Dietary sources and intake. Phosphorus occurs widely in foodstuffs, but the highest content is found in protein-rich foods, including meat, fish, eggs, dairy, legumes, whole-grain cereals, nuts and seeds. Various phosphate compounds are also used as food additives. The average phosphorus intake ranges from 870 to 1800 mg/d (Lemming & Pitsi, 2022).
Main functions. Phosphorus-containing compounds are involved in e.g., ATP synthesis, signal transduction, cell structure, cellular metabolism, regulation of subcellular processes, acid-base homeostasis and in bone mineralization (Itkonen & Lamberg-Allardt, 2023). About 85% of the body’s phosphorus is in bones and teeth, and phosphorus homeostasis is closely linked to that of calcium because of the actions of calcium-regulating hormones, such as parathyroid hormone (PTH) and 1,25-dihydroxy-vitamin D (1,25(OH)2D), at the level of the bone, the gut and the kidneys. 
Indicator for recommended intake. Due to tight homeostatic control, no reliable indicator for recommended intake is available. Serum inorganic phosphate reflects short term intake after meal. Surrogate markers such as FGF23 or PTH are also influenced by other nutrients.
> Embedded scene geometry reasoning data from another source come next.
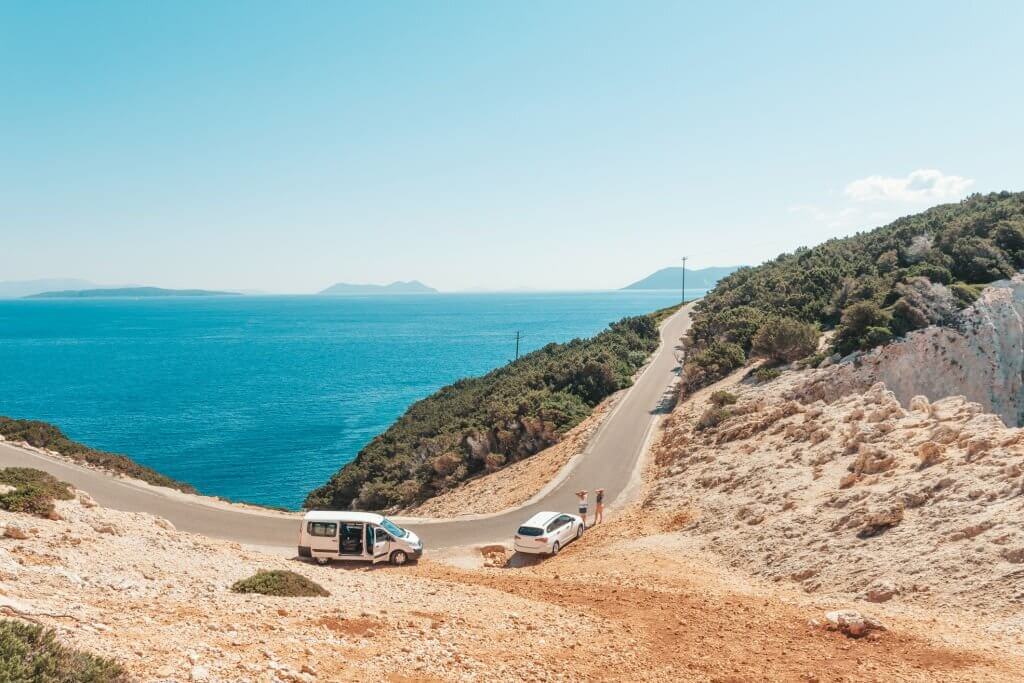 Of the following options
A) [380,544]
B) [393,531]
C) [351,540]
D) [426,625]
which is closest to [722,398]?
[393,531]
Main data gaps. Effects of phosphorus on health may depend on the source from which it is ingested, but methods by which phosphorus bioavailability can be taken into account are lacking. Data on bioavailability and total phosphate content (including additives) in foods is missing and there is a need to conduct studies on phosphorus intake and health outcomes. 
Deficiency and risk groups. Phosphorus deficiency is related to metabolic disorders. Although vitamin D deficiency or resistance decreases phosphorus absorption, hypophosphatemia due to low intestinal absorption is rare and only becomes apparent when phosphorus deprivation has continued for a long time, such as in the case of diarrhoea (Itkonen & Lamberg-Allardt, 2023). 
Dietary reference values. An AI is set to 520 mg/day (females and males), based on the RI for calcium, as calcium and phosphorus metabolism is closely linked, considering a whole-body molar ratio of calcium to phosphorus of 1.4:1. Provisional AR is set to 420 mg/day (females and males). Values are based on AIs set by EFSA, scaled to the RI for calcium in NNR2023 (EFSA, 2015f).  UL for phosphorus is 3,000 mg/d (NNR2012).